First, please see “Oricon extended ranking data, backlog complete! Explanation and summary” to get the background on what this data is.

I’ve taken my source file for this (which is messy and complicated and slow) and put together a Google Doc with just the relevant bits. Before that though, a lot of caveats:

1. Columns are mostly self-explanatory (Rank, Title, Release date). High is a disc’s peak position in the charts. Times is the number of weeks it’s ranked (in the extended rankings). Known Sales is a number I can cross-reference against known sources. Minimum sales is the least a disc could have sold considering the next lowest Known Sales number.

2. Even back to back scrapes (with no weekly update between) return different ordering. Seems to be because discs with the same sales sort randomly. For example one scrape you’ll get Release A > Release B > Release C. Scrape again and it may be Release C > Release A > Release B. This is why you currently see three DVDs with a Minimum Sales number of 211 even though they’re *below* the lowest known threshold disc (ロボットガールズZ VOL.1). When I scraped previously, they were above it.
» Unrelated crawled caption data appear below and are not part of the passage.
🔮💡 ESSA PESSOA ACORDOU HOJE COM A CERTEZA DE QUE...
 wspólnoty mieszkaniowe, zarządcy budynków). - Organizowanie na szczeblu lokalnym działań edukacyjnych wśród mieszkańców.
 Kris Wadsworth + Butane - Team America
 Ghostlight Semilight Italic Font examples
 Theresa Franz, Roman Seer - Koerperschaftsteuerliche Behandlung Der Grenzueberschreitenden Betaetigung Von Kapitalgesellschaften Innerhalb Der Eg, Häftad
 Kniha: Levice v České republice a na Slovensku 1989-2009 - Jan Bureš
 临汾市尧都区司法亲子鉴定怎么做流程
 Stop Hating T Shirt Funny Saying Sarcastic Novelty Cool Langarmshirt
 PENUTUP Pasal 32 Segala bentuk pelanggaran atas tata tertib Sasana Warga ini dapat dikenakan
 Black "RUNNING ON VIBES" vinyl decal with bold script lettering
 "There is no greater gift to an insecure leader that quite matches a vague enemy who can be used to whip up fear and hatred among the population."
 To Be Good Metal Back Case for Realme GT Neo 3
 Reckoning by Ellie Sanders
This just means they’re all tied at 211.

3. Oricon’s site often duplicates items across two pages. In the latest scrape for example, “ターザン(04.02)” was returned at #9339 and #9342. This happens often and I try to dedupe.

4. My spreadsheet has more rows than there are discs on Oricon’s site. Sometimes this might be missed dupes, sometimes Oricon’s list may no longer include a disc that it previously did. I don’t delete discs from mine, so I may have discs Oricon no longer lists. For example: AKB0048 VOL.01, ケロロ軍曹 5thシーズン 11, PSYCHO-PASS サイコパス VOL.6 DVD, ヨスガノソラ 4 for a few totally random examples. They were clearly on Oricon’s list at one point because I have them. But in the latest scrape, they weren’t there anymore. They could easily return next week! This seems to affect DVD more than BD.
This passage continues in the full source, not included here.